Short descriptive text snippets
━━━━━━

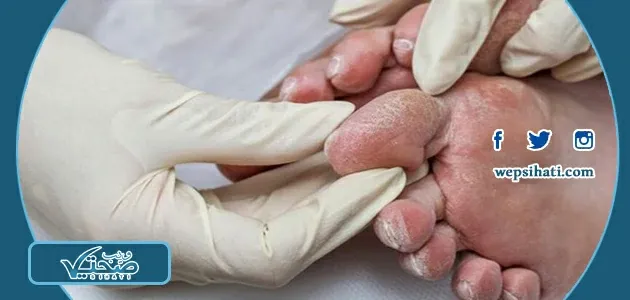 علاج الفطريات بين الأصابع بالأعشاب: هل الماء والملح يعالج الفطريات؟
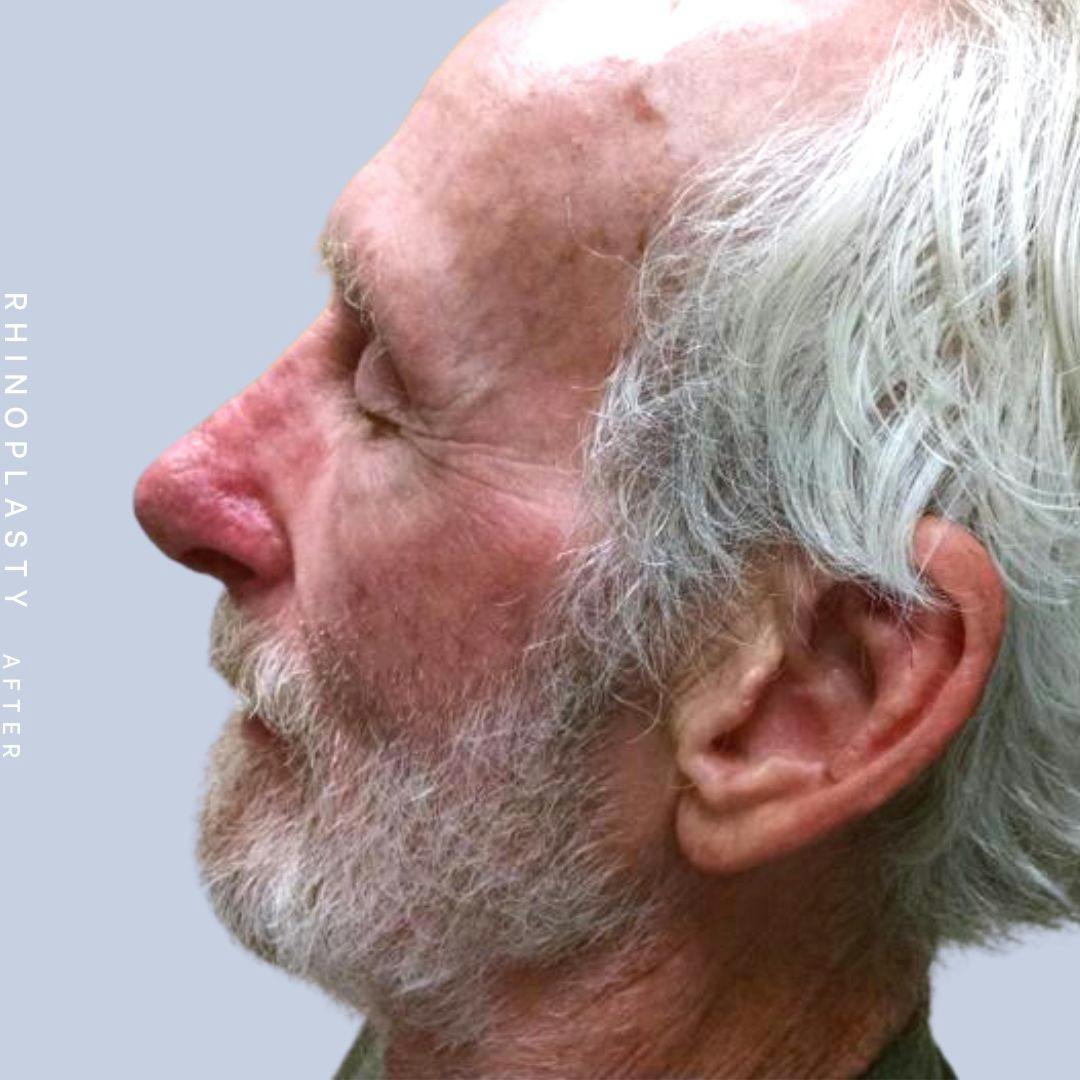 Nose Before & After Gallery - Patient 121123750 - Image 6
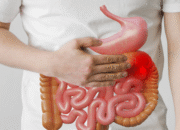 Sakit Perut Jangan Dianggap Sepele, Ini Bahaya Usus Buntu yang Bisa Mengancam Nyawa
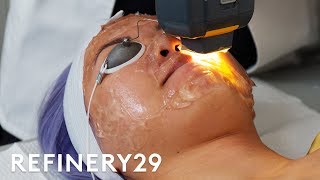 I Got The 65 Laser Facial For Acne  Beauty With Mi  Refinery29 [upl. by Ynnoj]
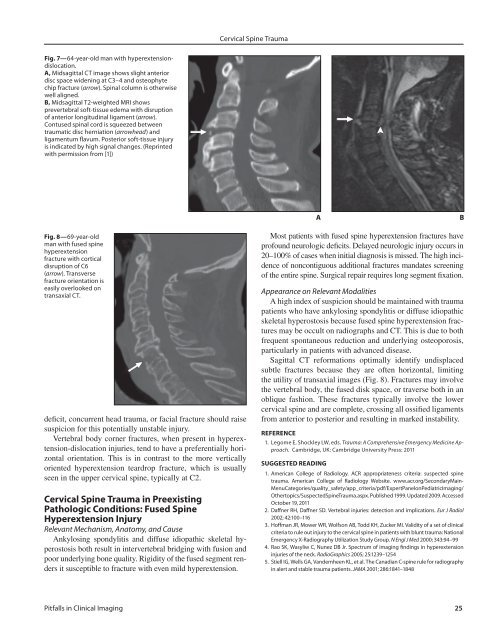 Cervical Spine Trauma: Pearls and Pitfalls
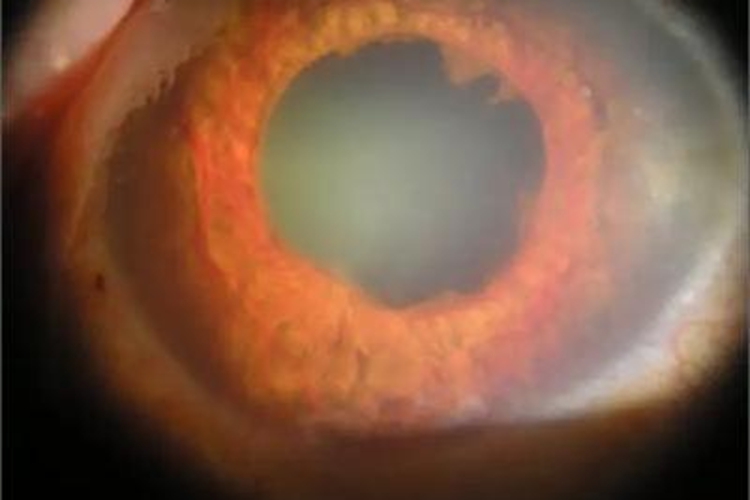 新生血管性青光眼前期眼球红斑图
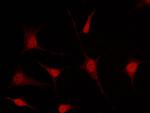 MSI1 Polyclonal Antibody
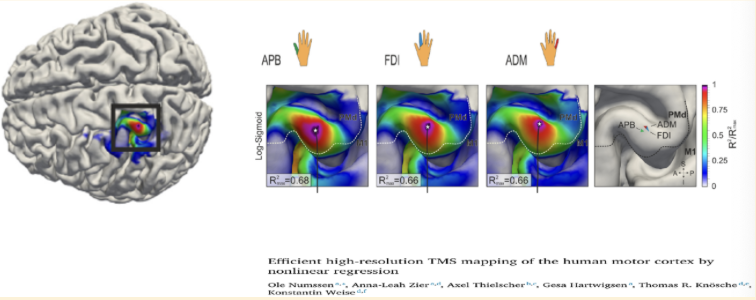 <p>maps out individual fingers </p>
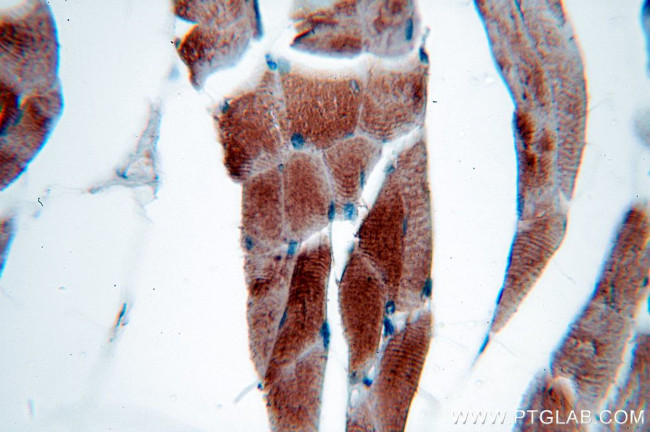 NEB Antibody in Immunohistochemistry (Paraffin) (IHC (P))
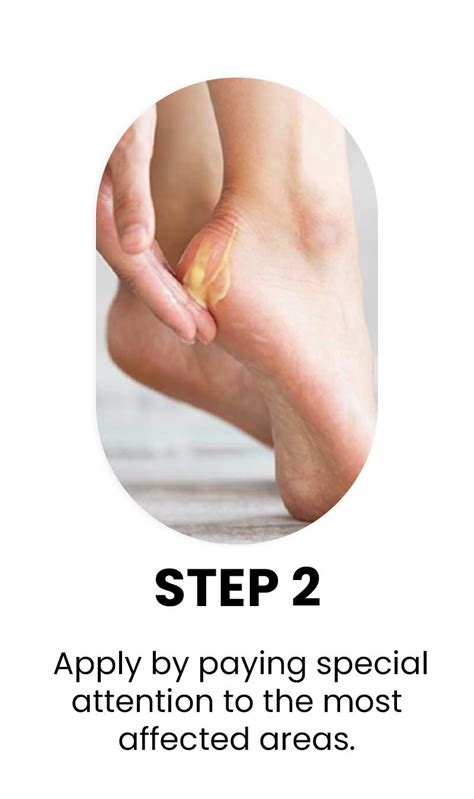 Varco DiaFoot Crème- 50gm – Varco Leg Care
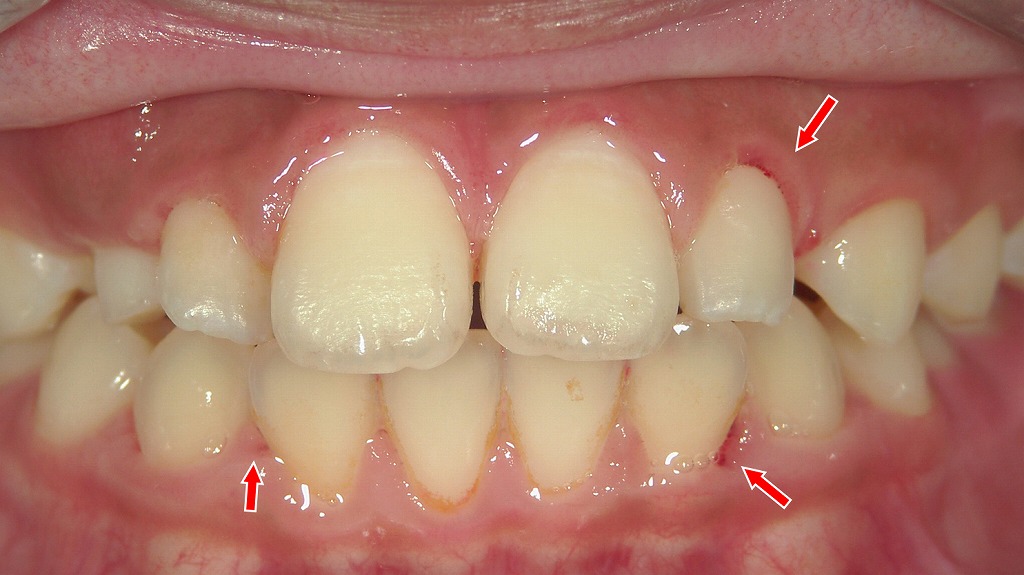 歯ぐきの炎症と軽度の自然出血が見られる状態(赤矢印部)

━━━━━━

What to do. Please return only the lines from the top of the data through the line with "Cervical Spine Trauma: Pearls and Pitfalls", exactly as written, and drop every picture.

Output below.
 علاج الفطريات بين الأصابع بالأعشاب: هل الماء والملح يعالج الفطريات؟
 Nose Before & After Gallery - Patient 121123750 - Image 6
 Sakit Perut Jangan Dianggap Sepele, Ini Bahaya Usus Buntu yang Bisa Mengancam Nyawa
 I Got The 65 Laser Facial For Acne  Beauty With Mi  Refinery29 [upl. by Ynnoj]
 Cervical Spine Trauma: Pearls and Pitfalls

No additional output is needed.